**Source material**
····················
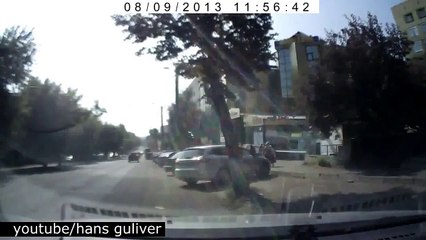 Russian Road Rage 2013 wrong guy for fight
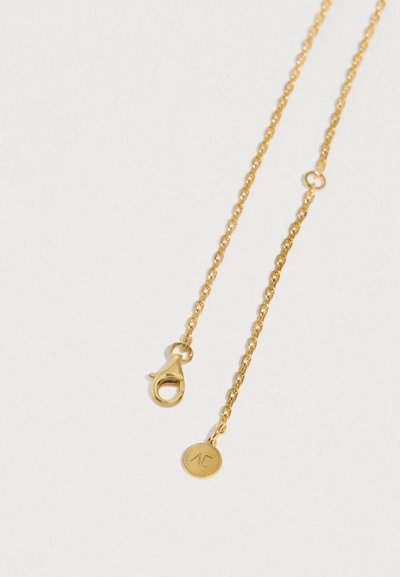 Κολιέ σε χρυσό χρώμα με λεπτή αλυσίδα, κούμπωμα τύπου lobster claw και μικρό κυκλικό μενταγιόν με ανάγλυφα γράμματα.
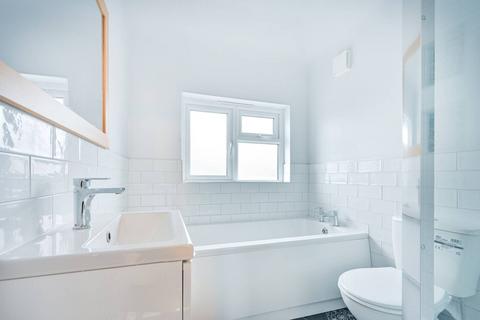 125 Rydens Way, Woking, GU22 9DG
····················
**Work to complete**
Leaving the images out, retype all the material above exactly.

**Solution to this problem**
 Russian Road Rage 2013 wrong guy for fight
 Κολιέ σε χρυσό χρώμα με λεπτή αλυσίδα, κούμπωμα τύπου lobster claw και μικρό κυκλικό μενταγιόν με ανάγλυφα γράμματα.
 125 Rydens Way, Woking, GU22 9DG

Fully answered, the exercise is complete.